Welcome to the Liberal convention of 2006, where Michael Ignatieff leads the first ballot, but might not be on the last one.
With 30.2 per cent of the elected delegates, Ignatieff has a clear 10-point lead over Bob Rae at 20.3 per cent, with Gerard Kennedy in third place at 17.3 per cent and Stephane Dion in fourth at 16 per cent. The also rans are Joe Volpe at 4.9 per cent, Ken Dryden at 4.3 per cent, Scott Brison at 3.5 per cent and Martha Hall Findley at 0.9 per cent.

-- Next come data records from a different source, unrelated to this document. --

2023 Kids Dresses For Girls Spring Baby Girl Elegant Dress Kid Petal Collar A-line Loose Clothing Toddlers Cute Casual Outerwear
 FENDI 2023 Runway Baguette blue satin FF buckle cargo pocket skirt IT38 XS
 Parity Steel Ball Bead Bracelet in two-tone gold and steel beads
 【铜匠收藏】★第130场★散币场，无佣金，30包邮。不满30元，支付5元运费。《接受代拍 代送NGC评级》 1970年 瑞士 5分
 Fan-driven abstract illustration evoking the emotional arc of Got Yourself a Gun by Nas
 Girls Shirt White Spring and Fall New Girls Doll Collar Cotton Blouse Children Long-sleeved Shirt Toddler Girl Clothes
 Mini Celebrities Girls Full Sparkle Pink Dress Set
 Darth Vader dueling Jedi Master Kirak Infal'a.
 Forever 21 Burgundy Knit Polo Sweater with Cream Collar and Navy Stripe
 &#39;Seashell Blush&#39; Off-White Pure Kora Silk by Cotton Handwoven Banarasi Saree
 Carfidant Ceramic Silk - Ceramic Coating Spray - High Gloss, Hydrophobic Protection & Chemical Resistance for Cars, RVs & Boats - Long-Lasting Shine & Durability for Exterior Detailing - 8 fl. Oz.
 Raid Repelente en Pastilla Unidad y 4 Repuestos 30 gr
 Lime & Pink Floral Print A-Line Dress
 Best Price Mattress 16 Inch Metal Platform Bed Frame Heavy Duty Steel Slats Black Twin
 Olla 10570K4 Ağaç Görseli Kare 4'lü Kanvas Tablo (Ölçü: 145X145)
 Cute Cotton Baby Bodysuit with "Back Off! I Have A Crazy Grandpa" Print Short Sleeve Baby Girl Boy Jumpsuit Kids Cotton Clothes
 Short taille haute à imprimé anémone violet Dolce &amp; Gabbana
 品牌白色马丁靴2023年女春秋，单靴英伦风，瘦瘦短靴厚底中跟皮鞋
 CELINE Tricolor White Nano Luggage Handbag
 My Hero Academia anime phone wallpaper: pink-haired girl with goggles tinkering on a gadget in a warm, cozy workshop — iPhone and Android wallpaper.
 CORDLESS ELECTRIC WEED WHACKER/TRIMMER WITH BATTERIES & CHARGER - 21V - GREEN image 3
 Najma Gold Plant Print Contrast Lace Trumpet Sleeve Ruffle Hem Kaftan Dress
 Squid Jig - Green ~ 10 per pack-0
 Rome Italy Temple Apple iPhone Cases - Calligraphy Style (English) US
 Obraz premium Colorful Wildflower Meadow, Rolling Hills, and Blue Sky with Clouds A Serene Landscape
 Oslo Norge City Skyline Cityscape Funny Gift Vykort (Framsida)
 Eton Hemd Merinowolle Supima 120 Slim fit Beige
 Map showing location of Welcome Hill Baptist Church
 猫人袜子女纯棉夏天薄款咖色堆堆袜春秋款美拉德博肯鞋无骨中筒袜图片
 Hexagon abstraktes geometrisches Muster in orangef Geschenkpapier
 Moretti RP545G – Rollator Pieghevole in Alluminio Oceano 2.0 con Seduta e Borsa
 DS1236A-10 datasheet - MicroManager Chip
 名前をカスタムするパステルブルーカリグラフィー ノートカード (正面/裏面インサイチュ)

From the beginning, the strategy of the Ignatieff team was to win the super-weekend delegate selection at the end of September, and build momentum through October by picking up ex-officio delegates - MPs, senators and the like who cast the remaining 20 per cent of the votes.
But while Ignatieff came out of super weekend 10 points ahead of Rae, he was 10 points short of what he needed to become the convention's inevitable choice.
The Ignatieff camp's momentum-driven strategy was slowed to a stop by a series of nasty October surprises, all of them self-generated, all of them reflecting badly on the candidate's judgment. Since his appearance on Radio-Canada's Tout le monde en parle on Thanksgiving weekend, the Ignatieff campaign has been running in reverse.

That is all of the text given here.